[Saved entries]
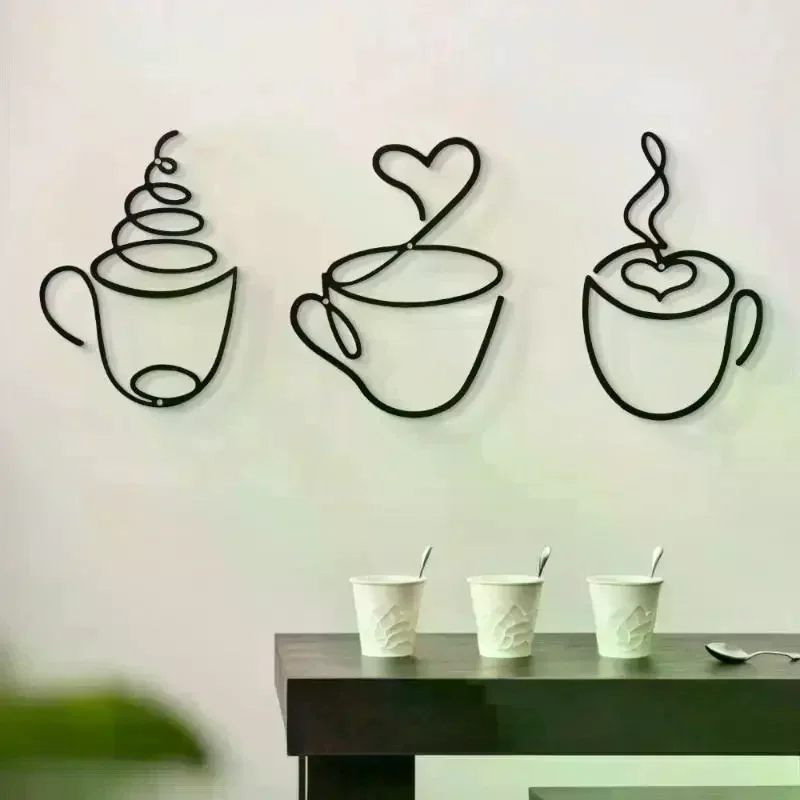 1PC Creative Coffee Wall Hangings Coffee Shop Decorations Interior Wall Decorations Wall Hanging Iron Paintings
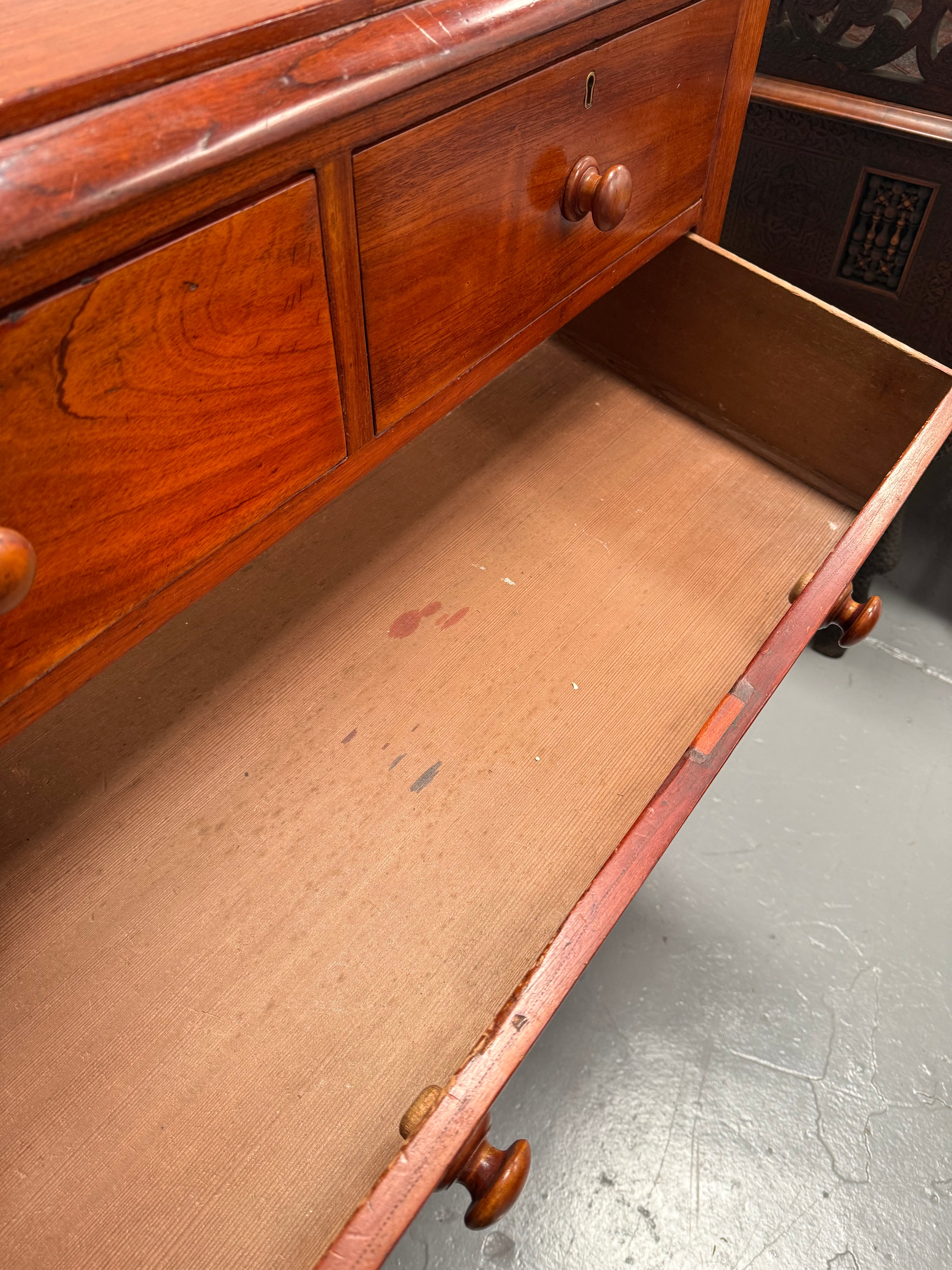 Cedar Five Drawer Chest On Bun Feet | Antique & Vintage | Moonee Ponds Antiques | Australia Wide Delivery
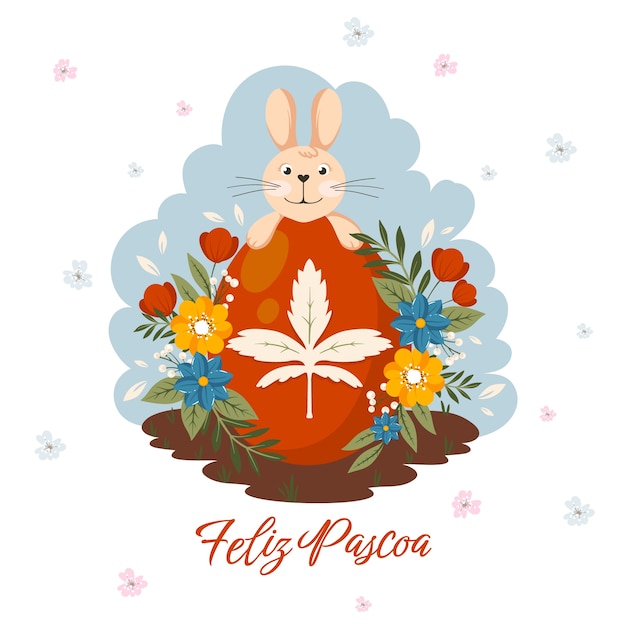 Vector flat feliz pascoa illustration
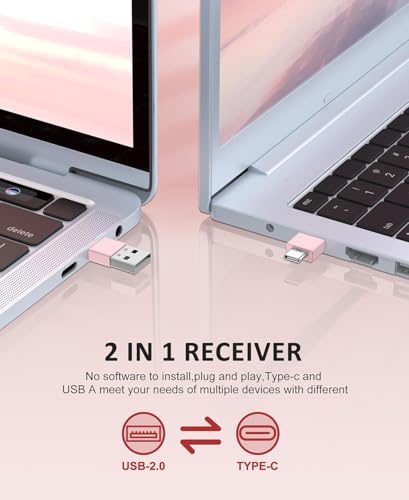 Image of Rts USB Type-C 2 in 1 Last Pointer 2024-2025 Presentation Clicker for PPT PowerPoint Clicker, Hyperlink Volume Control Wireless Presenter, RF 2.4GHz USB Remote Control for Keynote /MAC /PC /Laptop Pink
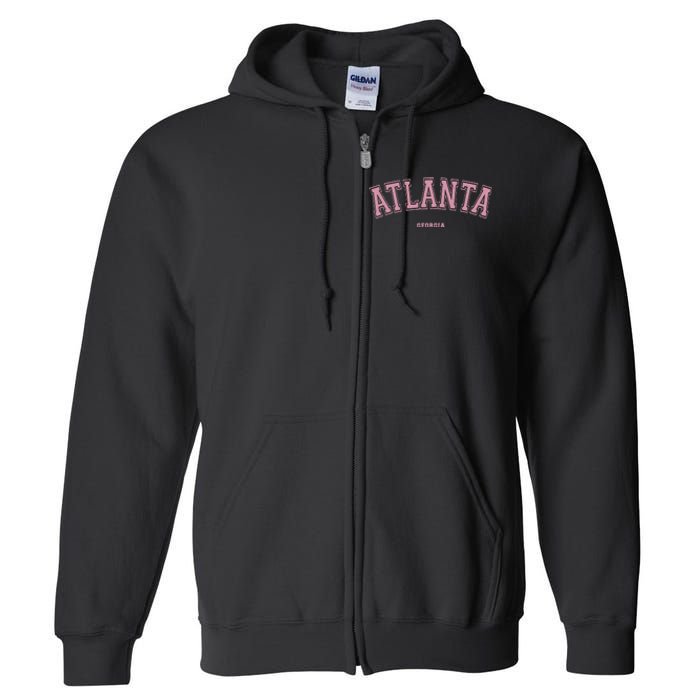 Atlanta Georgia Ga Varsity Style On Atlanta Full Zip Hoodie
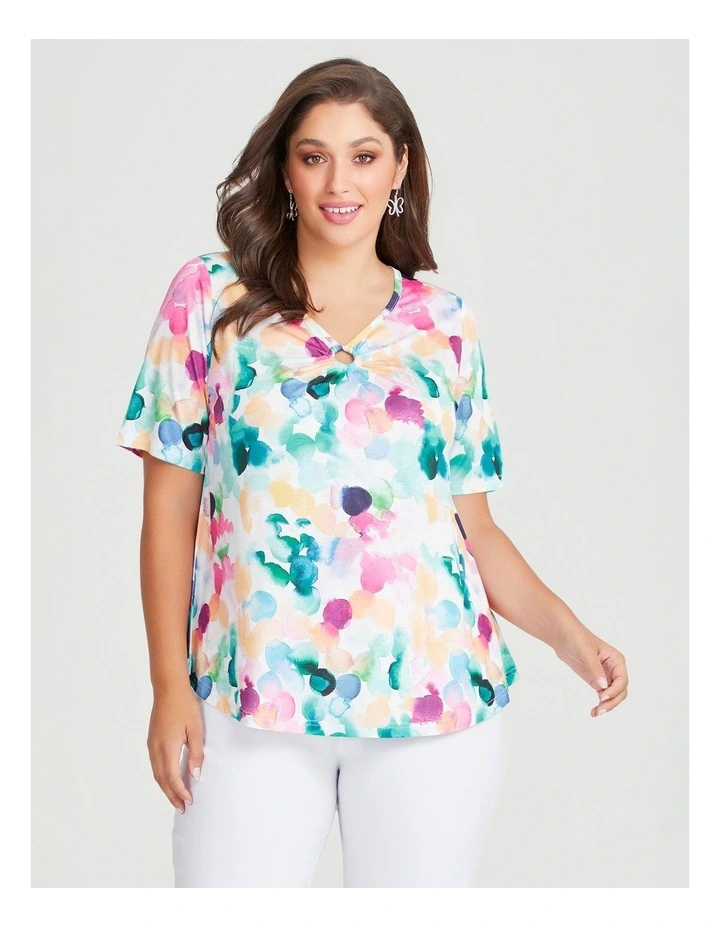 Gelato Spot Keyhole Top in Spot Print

Prompt: Starting from the first line of the entries above, print each line exactly until the line containing "Vector flat feliz pascoa illustration" has been printed, and skip the pictures.

Your response:
 1PC Creative Coffee Wall Hangings Coffee Shop Decorations Interior Wall Decorations Wall Hanging Iron Paintings
 Cedar Five Drawer Chest On Bun Feet | Antique & Vintage | Moonee Ponds Antiques | Australia Wide Delivery
 Vector flat feliz pascoa illustration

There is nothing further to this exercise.